The project includes the public library and Cape Fear Museum plus office space and private development with residential and mixed use. Under the proposal – a development agreement still would have to be finalized – the developer would manage the construction of both the public and private facilities on the site, which is a 3-acre block that the county owns.

Under the proposal, at the completion of work on the library and museum, the county would have a 20-year lease on the buildings. At the end of the 20-year term, New Hanover County would own the library and museum components at no additional cost.
Saffo said he hoped the library would be enhanced and beautified.
“The possibility of the library and the museum in town within walking distance for visitors will add synergy to downtown Wilmington, and I hope the new center will incorporate the historic buildings in the block,” he said.
In another recently announced public-private partnership, the New Hanover County Government Center is undergoing a $120 million redevelopment project.
Construction began in mid-March 2021 on the facility after county commissioners approved a revised development agreement in January. The new facility will include county offices, an expanded emergency operations and 911 center as well as commercial, retail and residential units.

Local developer Cape Fear FD Stonewater LLC is managing the construction of the public and private facilities. The county will enter into a 20-year public debt to finance the construction of the government center and retain ownership of the land where the new facility is built. The remaining portion of the land will be sold to the developer for a mixed-use residential and commercial development.
According to county officials, the vision for the project includes an energy-efficient building with a customer-focused design aimed to be easily accessible and welcoming to the public while delivering efficient operations. The new building will be resilient, safe and secure during emergency events. The project also envisions mindful stewardship of public resources in alignment with the county’s strategic plan and an increased tax base through the commercial and residential sites, officials said. A tentative ribbon-cutting is planned for September 2022.

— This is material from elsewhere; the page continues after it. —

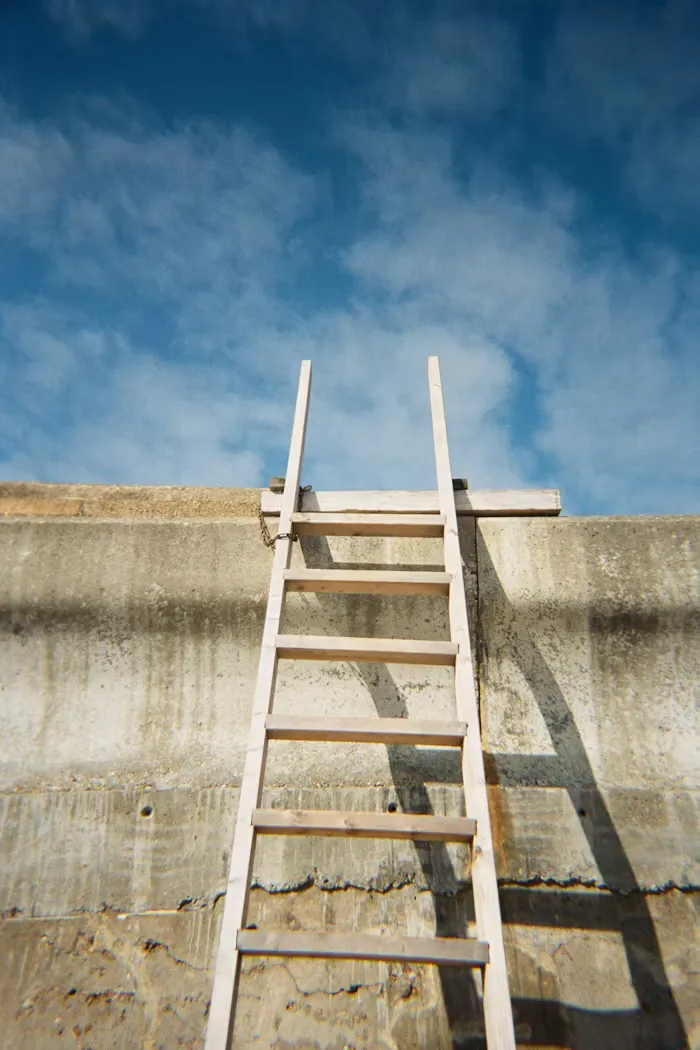 A career ladder for a team of twelve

Not all PPPs are immediately viable.
In November, a private firm made an unsolicited proposal to form a public-private partnership with the N.C. Department of Transportation to replace the Cape Fear Memorial Bridge. The proposal, which included the concept of a toll, was rejected by the Wilmington Urban Area Metropolitan Planning Organization (WMPO) earlier this summer. WMPO board members indicated they are willing to entertain other options.
“This is a significant transportation project between counties, and there has been lots of discussion over the last decade,” Saffo said. “We are all in agreement that the bridge will be replaced, but all of the elected officials have never come together to get a firm understanding of what we want. I hope we can bridge that divide within the next year.”
Saffo also said he did not think that tolling an existing roadway was the right precedent to set, adding that he thought a new road could be tolled but not an existing one.
Pointing out that COVID has introduced new trends in how people work, transact, travel and consume, the Husch Blackwell trends report on public-private partnerships stated that many of the tasks ahead for cities and states lie in replacing legacy assets and rebuilding infrastructure for growth and prosperity.
Based on projects prelaunched in 2020, PPPs for higher education institutions for campus energy as well as telecommunications projects including broadband infrastructure and online platforms are trending.
“As with all development, PPPs tend to follow market trends,” Mulligan said. “PPPs with office and hotel components are more difficult to complete right now because private capital is, for the moment, less interested in those projects. On the public side, there is greater interest in affordable housing and neighborhood revitalization. Private sector developers who can respond to that demand may find willing public partners.”